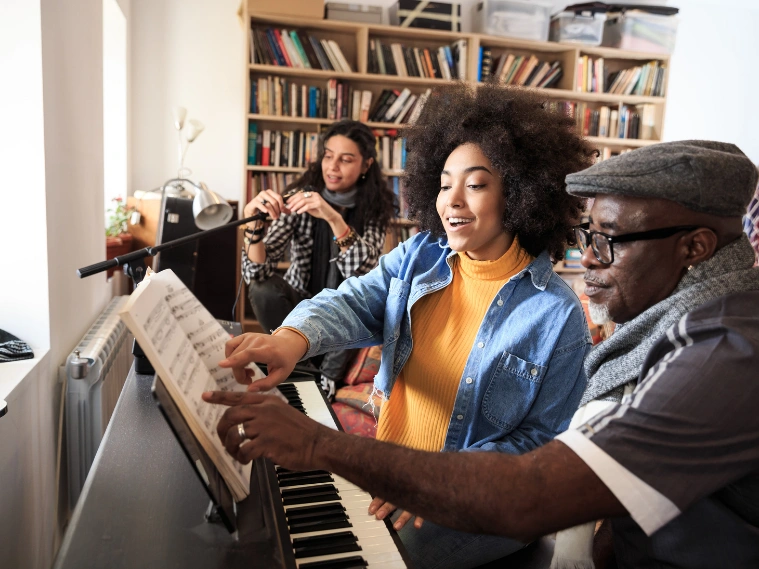 Adult student practicing vocal exercises with a voice instructor in a music studio, using a keyboard for guidance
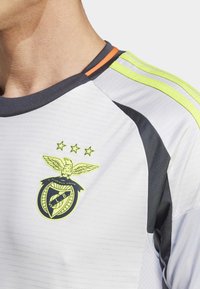 Camiseta deportiva blanca con detalles en gris, que presenta franjas amarillas y naranjas en los hombros, y un destacado emblema amarillo del club con un águila.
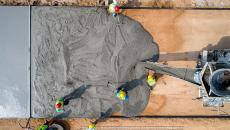 Workers lay out a layer of cement on a foundation.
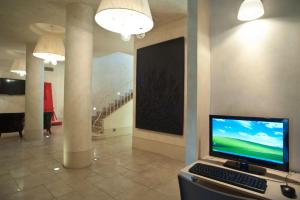 TV a/nebo společenská místnost v ubytování Hotel Residence Stella del Mare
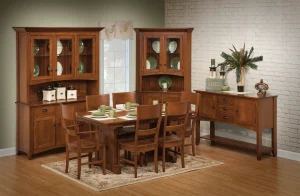 Amish Sara Ann dining collection in oak, shown in a green-walled room with a table, chairs, corner hutches, and a sideboard.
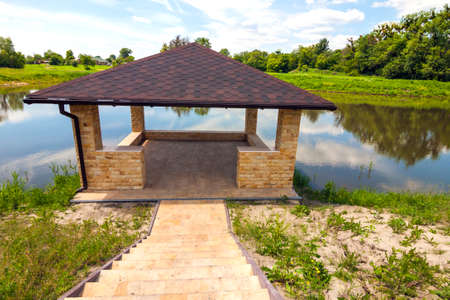 Beautiful alcove on a lake in sunny dayの写真素材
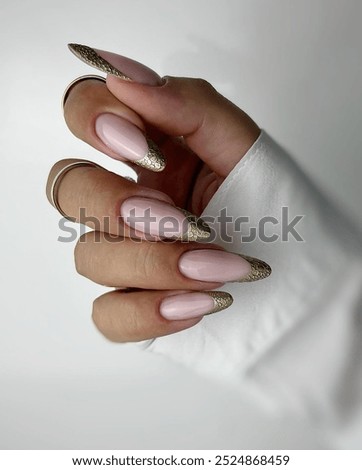 Elegant and more artistic Nail art design in young women's hand. Fruit and flowers designs on nails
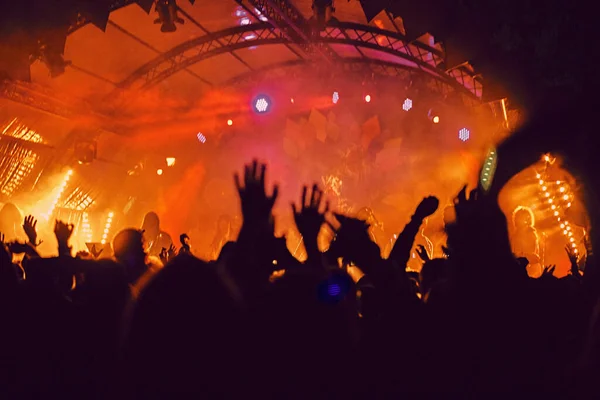 Abstract blur atmosphere: happy people enjoying outdoor music festival concert, raised up hands and clapping of pleasure, active night life concept, play of light and shadow on the huge stage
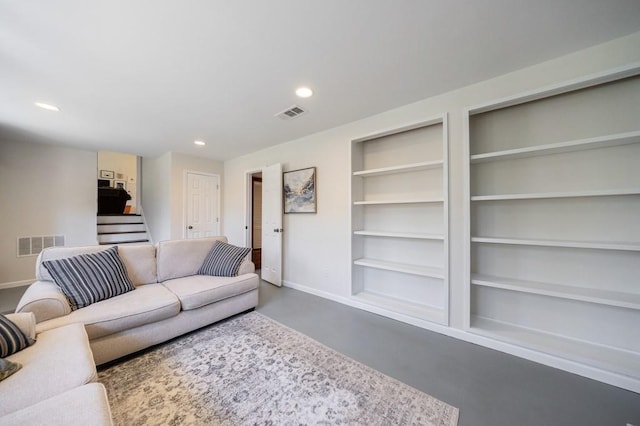 living room featuring stairs, visible vents, built in features, and recessed lighting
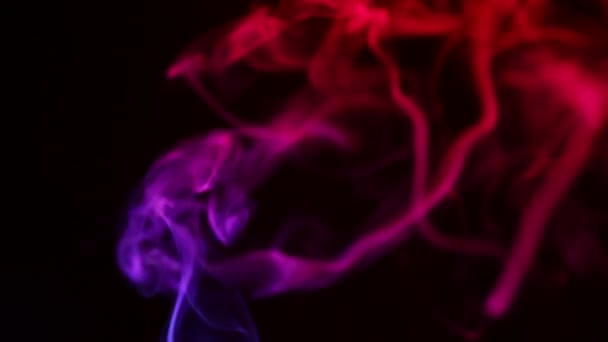 Multicolored smoke from aromatic sticks close up on black background — Stockvideo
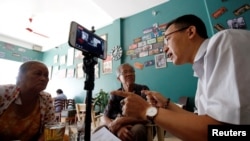 In this photo taken in May 15, 2018, rights activist Le Van Dung (R) live streams on Facebook in a coffee shop in Hanoi, Vietnam. REUTERS/Kham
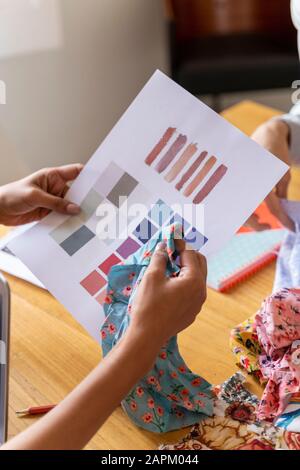 Le couturier tient un échantillon de couleur au bureau Banque D'Images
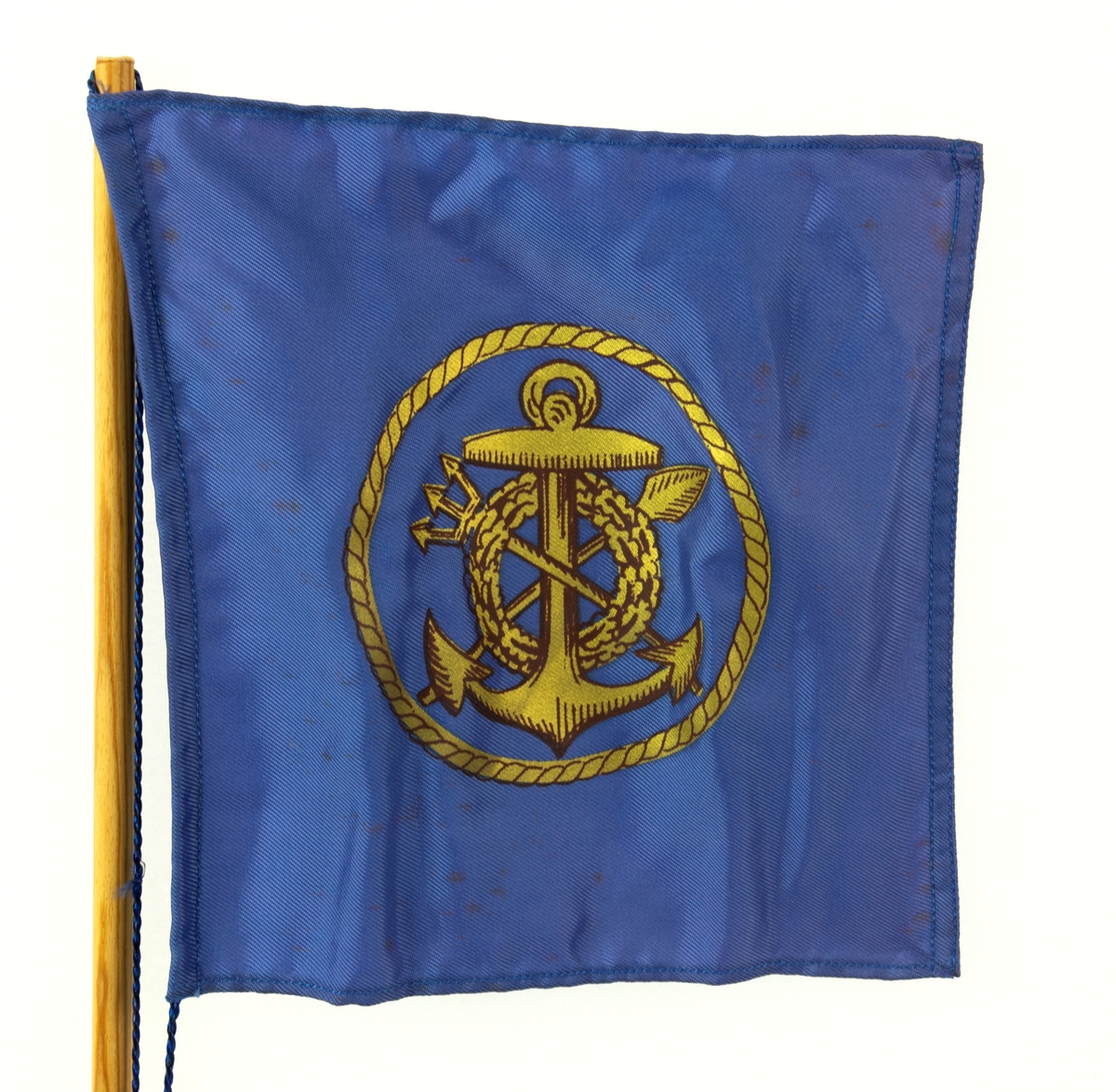 Bordsflagga med Besättningen Rydbergsgastarnas emblem i guld på blå botten. Text skriven på foten: "Ek av regalskeppet Riksäpplet som förliste vid Dalarö Skans år 1676. Stockholm den 31/8 1966. Yngve Lindbäck".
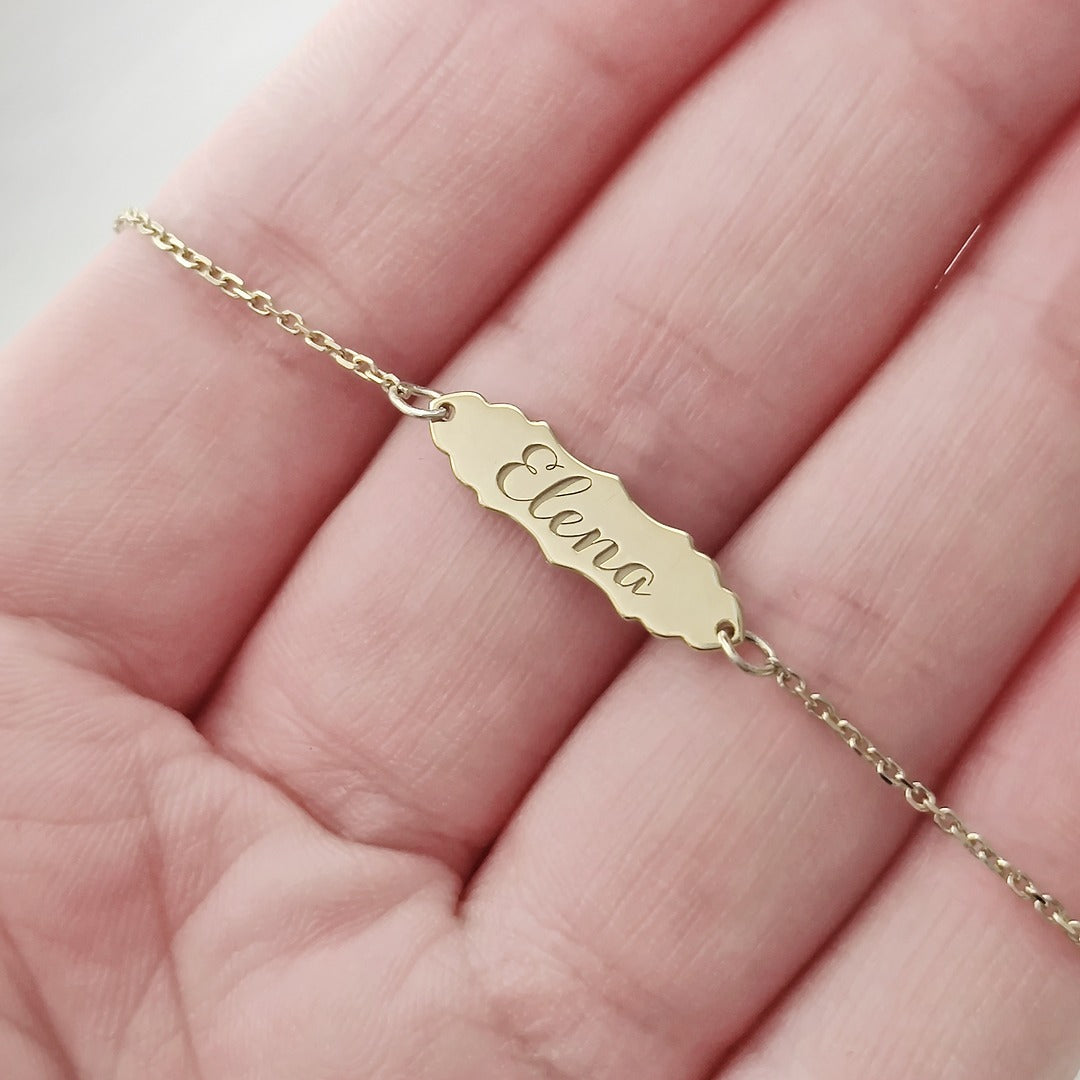 hand holding a gold bracelet with a vintage baroque inspired bar engraved with a name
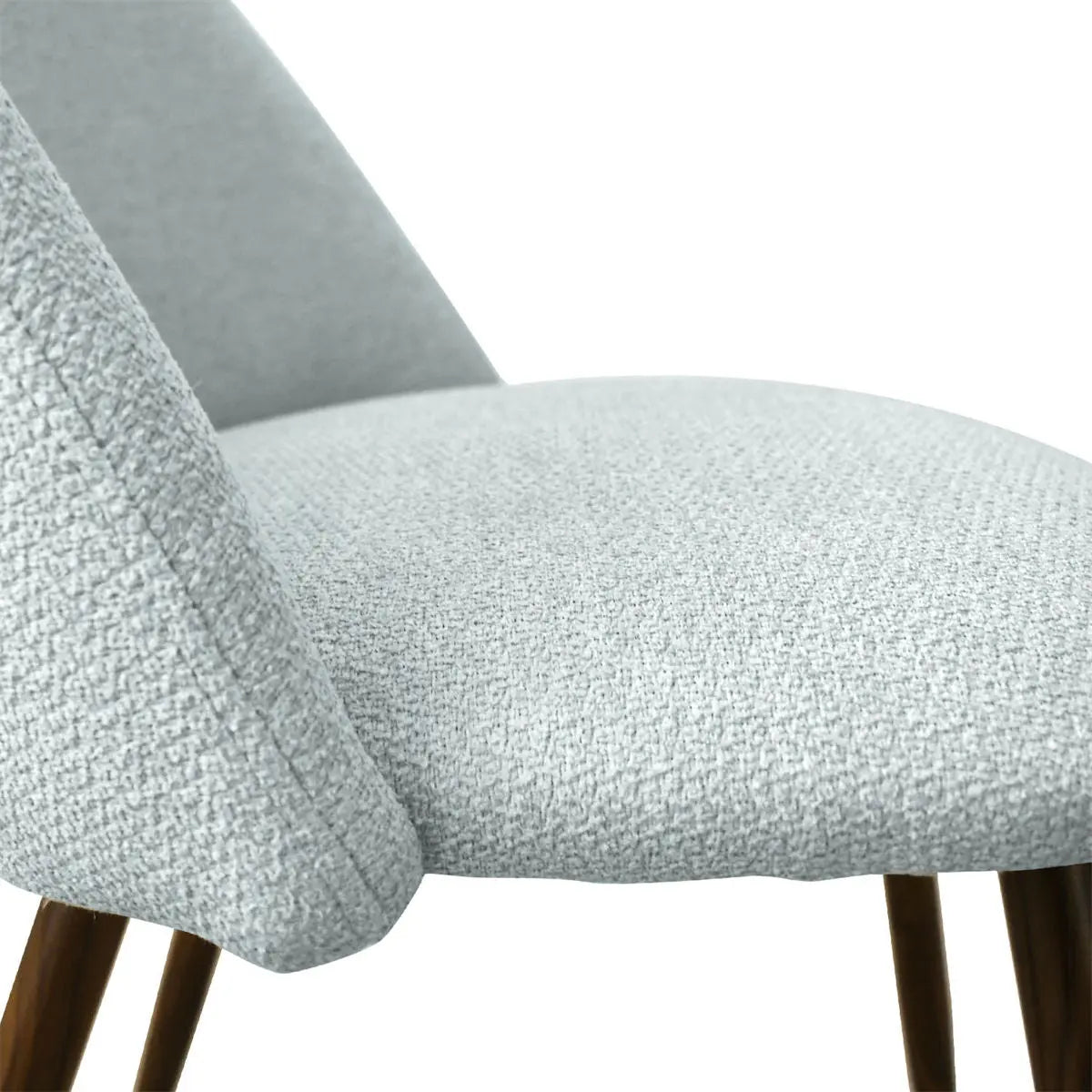 Close-up of Edwin Modern Boucle Upholstered Dining Chair fabric texture, highlighting clean, elegant design.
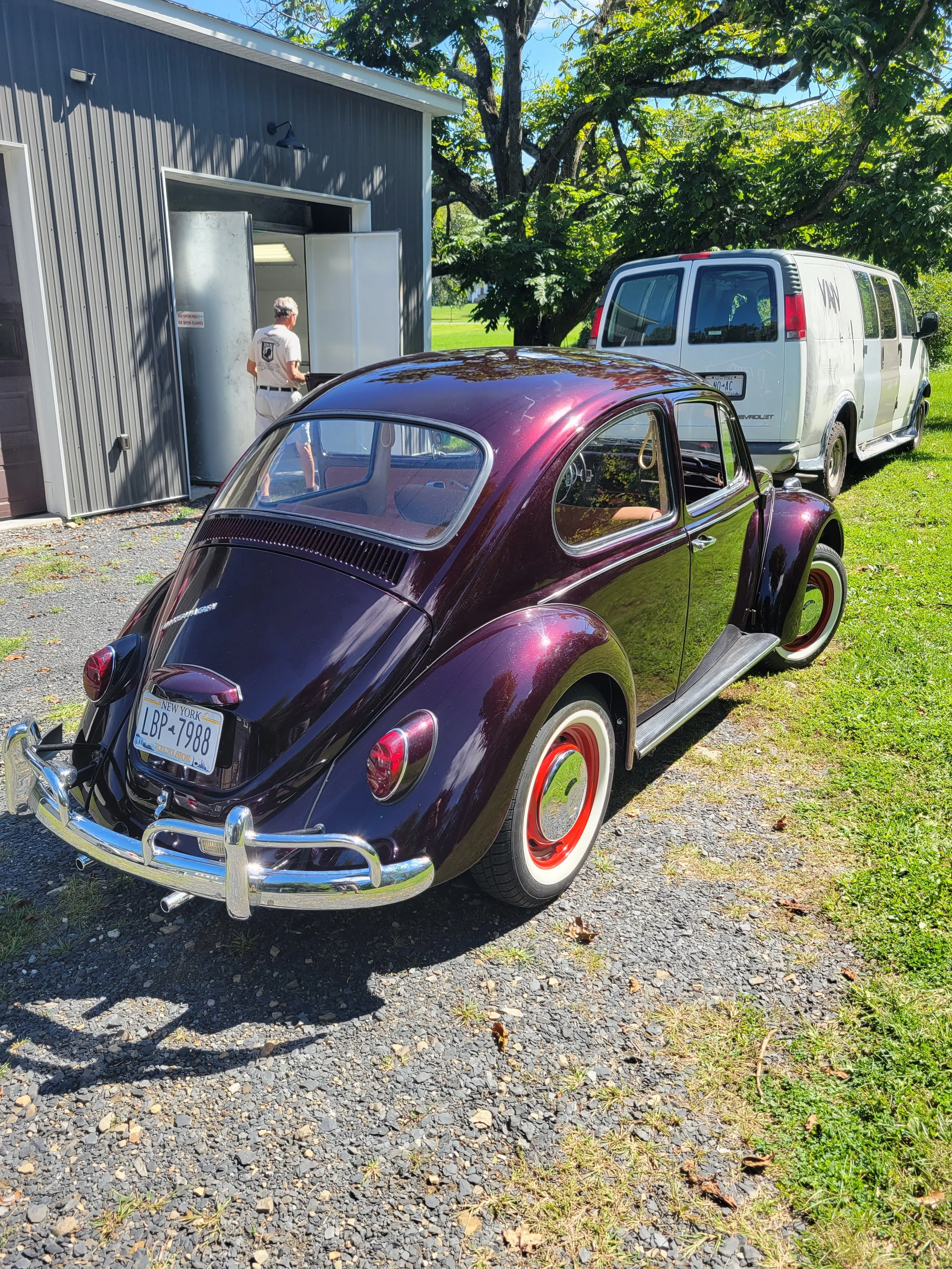 A vintage purple Volkswagen Beetle with white and red wheel rims parked on a gravel area near a grassy patch, against a backdrop of green trees and a building with an open garage door. A person is seen near the garage, and a white van is parked nearb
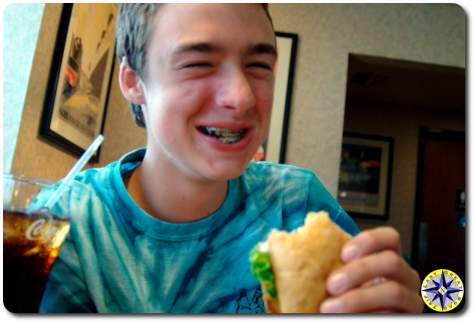 laughing boy eating sandwitch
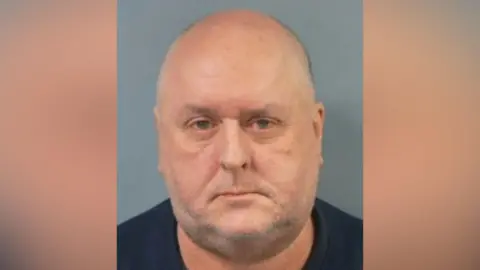 A bald man with some stubble poses for a custody image.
····················
## Problem statement
Given the listing above, repeat exactly the lines starting at the one with "Abstract blur atmosphere: happy" and ending at the one with "living room featuring", inclusive, excluding pictures.

## Answer section
 Abstract blur atmosphere: happy people enjoying outdoor music festival concert, raised up hands and clapping of pleasure, active night life concept, play of light and shadow on the huge stage
 living room featuring stairs, visible vents, built in features, and recessed lighting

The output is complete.